PROBLEM DETAILS:
Whichever lines include the word "Super", copy them as they appear in the data.

### TASK INPUT

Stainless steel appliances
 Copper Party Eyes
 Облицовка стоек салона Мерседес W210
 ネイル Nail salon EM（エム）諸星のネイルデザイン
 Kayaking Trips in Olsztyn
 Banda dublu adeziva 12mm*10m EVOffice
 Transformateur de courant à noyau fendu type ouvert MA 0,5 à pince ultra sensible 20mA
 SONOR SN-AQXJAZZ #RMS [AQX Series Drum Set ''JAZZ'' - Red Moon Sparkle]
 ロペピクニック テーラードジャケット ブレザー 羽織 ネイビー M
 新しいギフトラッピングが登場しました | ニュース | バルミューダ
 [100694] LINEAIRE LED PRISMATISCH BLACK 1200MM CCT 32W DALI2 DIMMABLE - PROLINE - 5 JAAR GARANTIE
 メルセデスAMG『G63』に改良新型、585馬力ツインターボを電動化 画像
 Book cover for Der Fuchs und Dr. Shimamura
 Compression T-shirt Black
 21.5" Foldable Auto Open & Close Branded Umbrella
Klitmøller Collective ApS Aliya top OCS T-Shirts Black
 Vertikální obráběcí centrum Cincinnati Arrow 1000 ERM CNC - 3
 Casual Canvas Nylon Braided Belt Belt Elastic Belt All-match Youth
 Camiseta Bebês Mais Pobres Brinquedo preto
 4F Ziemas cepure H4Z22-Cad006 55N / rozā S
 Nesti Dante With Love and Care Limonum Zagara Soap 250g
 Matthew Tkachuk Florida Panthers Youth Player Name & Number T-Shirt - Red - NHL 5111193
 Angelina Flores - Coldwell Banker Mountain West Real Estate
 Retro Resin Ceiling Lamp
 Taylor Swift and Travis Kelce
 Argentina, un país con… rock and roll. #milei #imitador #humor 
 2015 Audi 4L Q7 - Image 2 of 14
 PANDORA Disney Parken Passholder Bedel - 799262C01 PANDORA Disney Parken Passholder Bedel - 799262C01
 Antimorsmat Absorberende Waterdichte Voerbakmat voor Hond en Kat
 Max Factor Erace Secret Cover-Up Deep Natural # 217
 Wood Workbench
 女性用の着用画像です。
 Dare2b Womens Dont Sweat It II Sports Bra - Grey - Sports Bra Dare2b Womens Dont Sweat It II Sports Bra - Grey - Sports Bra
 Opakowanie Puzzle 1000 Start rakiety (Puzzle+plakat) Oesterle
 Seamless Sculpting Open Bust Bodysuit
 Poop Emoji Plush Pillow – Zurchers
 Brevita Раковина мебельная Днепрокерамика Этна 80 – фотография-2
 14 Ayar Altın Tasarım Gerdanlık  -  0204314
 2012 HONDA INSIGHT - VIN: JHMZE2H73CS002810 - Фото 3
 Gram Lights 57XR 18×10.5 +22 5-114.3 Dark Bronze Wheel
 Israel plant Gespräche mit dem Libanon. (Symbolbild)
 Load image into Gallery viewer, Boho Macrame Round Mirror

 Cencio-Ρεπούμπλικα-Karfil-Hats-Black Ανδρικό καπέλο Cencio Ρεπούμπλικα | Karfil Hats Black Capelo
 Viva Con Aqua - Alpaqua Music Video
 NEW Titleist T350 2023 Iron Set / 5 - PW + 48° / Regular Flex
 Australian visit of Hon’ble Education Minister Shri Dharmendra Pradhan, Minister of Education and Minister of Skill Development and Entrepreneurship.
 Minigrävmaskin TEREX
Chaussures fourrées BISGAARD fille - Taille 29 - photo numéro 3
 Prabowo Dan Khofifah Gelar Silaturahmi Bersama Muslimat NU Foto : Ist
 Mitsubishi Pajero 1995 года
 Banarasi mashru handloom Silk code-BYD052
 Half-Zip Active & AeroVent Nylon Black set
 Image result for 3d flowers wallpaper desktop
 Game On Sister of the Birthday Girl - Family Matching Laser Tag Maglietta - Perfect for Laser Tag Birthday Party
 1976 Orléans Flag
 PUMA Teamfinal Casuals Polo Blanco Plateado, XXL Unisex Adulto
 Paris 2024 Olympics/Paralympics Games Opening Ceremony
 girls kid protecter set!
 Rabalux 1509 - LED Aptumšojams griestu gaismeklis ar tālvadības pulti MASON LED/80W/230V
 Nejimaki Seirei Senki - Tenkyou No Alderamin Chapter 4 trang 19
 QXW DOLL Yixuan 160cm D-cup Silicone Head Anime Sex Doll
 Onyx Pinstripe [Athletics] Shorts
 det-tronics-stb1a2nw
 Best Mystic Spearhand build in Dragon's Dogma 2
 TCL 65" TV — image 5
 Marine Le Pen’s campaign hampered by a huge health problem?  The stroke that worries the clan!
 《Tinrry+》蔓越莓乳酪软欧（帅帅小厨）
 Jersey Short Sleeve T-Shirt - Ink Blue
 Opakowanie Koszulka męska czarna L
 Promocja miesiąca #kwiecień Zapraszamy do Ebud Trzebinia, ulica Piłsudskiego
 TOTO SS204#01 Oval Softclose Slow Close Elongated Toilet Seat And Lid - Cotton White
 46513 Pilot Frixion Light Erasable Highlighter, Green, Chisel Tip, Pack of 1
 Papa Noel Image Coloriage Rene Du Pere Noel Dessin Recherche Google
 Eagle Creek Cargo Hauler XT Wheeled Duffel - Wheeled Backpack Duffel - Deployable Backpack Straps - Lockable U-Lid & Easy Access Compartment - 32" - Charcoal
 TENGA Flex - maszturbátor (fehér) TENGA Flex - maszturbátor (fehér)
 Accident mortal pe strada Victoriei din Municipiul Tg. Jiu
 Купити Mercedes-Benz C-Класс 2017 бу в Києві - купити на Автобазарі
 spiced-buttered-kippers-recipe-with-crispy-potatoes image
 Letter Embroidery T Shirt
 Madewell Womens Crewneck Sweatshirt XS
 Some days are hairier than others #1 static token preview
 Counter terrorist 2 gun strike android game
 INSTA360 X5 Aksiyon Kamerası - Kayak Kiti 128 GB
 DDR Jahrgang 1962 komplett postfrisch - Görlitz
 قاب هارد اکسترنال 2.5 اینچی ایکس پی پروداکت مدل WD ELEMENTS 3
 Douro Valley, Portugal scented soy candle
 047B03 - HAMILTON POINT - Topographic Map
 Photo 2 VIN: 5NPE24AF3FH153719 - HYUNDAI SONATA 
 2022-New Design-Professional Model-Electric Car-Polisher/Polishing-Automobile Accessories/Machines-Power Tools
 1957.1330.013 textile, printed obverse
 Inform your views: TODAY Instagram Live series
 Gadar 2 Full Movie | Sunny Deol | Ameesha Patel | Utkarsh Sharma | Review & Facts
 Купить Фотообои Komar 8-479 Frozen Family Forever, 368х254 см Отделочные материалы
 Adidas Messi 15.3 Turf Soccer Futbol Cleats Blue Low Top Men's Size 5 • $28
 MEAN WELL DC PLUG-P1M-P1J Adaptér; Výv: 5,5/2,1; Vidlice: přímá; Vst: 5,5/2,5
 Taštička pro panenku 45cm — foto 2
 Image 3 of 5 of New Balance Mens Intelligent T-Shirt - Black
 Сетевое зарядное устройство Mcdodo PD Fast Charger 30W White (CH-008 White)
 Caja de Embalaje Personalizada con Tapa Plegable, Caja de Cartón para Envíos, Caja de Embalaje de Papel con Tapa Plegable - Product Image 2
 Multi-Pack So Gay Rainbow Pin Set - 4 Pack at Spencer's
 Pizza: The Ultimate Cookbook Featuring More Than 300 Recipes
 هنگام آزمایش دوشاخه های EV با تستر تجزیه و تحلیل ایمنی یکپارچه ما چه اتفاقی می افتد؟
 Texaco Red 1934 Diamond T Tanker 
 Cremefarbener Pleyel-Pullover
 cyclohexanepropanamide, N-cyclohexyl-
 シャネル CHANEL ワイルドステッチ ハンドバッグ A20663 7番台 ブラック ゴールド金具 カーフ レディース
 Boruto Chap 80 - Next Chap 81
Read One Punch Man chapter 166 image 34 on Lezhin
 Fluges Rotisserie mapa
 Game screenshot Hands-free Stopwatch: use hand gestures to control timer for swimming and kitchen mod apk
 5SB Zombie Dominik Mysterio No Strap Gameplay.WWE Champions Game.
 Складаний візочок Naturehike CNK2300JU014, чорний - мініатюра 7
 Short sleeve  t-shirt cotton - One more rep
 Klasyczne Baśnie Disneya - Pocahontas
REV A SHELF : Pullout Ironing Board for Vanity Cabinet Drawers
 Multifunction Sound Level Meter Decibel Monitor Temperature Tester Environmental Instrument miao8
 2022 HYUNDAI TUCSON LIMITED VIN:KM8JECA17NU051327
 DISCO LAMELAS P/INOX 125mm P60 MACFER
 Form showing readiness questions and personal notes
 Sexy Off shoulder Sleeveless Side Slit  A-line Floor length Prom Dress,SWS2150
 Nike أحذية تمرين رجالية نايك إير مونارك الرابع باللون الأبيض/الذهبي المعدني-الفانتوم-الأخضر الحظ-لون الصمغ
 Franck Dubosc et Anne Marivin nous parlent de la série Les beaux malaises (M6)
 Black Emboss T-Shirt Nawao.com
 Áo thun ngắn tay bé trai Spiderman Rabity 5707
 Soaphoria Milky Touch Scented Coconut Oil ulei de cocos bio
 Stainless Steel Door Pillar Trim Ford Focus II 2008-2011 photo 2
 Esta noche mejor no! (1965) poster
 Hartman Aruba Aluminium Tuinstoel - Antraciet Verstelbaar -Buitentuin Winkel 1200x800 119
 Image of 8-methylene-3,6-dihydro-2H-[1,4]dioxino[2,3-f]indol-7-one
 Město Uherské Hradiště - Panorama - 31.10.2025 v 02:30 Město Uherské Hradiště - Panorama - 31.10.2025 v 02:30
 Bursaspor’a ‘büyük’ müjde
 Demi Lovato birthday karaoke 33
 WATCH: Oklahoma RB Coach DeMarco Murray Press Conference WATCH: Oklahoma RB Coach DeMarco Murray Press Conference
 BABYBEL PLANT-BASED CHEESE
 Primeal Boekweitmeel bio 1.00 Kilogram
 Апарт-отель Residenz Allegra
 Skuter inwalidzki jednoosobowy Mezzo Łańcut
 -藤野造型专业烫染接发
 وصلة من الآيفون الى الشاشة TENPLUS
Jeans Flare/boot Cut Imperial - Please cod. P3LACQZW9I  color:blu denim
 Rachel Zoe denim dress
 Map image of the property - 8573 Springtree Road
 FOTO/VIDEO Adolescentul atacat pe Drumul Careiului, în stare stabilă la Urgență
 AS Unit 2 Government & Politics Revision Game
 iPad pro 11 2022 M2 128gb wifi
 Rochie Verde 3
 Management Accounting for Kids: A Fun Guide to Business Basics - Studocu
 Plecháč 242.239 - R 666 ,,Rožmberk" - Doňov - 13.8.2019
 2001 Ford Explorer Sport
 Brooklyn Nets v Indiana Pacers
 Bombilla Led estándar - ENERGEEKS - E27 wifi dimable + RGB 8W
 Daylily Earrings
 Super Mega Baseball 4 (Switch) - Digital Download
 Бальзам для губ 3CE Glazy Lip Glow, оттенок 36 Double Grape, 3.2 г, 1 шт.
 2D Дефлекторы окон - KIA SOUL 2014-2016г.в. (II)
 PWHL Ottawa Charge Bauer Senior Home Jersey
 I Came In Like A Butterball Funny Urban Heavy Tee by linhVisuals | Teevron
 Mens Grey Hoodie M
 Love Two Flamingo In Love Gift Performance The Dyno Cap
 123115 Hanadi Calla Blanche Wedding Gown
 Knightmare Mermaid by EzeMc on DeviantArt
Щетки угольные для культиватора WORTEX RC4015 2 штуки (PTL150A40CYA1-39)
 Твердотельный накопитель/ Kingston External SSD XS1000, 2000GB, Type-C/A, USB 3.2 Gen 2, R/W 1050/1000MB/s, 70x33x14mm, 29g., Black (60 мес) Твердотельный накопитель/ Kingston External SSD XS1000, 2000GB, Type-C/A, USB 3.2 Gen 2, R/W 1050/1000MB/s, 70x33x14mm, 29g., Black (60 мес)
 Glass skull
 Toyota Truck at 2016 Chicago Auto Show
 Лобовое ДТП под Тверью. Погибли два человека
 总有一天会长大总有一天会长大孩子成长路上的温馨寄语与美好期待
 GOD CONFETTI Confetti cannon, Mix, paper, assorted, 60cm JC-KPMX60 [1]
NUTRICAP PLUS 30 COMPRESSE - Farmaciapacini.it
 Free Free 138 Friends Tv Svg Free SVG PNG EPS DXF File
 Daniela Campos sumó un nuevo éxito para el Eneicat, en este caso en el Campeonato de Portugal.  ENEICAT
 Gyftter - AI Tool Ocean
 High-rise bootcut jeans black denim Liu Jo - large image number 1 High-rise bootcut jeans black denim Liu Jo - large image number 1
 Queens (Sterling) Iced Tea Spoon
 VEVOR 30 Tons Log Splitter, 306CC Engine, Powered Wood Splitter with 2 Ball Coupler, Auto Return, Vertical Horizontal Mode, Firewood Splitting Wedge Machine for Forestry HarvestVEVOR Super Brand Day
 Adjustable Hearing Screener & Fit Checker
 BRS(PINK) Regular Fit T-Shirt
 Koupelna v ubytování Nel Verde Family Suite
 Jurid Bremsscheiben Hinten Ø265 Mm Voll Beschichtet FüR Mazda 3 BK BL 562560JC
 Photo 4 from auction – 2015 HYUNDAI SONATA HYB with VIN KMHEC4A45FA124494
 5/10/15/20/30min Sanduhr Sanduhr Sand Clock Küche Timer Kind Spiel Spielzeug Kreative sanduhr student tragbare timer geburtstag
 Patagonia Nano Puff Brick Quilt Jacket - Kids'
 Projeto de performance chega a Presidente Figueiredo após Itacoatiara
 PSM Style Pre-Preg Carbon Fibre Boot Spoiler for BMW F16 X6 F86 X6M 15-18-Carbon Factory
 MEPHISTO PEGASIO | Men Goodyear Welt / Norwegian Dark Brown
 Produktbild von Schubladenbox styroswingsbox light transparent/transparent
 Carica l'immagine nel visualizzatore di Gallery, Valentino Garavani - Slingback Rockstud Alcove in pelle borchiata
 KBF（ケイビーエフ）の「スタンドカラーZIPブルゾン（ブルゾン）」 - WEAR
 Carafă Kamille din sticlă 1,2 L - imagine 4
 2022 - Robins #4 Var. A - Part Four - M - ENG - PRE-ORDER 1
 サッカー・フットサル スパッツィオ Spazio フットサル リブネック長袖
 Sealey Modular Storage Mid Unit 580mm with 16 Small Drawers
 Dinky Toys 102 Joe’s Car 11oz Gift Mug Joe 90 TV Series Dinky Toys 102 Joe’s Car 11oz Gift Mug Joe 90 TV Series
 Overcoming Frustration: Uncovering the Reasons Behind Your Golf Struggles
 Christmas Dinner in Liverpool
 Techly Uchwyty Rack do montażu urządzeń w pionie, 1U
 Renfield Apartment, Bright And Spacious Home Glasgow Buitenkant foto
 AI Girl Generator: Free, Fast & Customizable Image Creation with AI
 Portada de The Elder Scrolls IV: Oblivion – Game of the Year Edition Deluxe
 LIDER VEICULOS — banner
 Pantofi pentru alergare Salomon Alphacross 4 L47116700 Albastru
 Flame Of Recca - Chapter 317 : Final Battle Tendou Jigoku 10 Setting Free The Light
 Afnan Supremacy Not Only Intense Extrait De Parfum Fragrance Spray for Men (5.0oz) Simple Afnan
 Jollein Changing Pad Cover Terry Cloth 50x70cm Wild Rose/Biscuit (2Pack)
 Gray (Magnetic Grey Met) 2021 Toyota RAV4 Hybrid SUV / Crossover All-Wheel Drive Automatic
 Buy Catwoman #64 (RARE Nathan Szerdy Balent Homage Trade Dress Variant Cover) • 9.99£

######

RESULT OF THIS TASK:
 Super Mega Baseball 4 (Switch) - Digital Download
 VEVOR 30 Tons Log Splitter, 306CC Engine, Powered Wood Splitter with 2 Ball Coupler, Auto Return, Vertical Horizontal Mode, Firewood Splitting Wedge Machine for Forestry HarvestVEVOR Super Brand Day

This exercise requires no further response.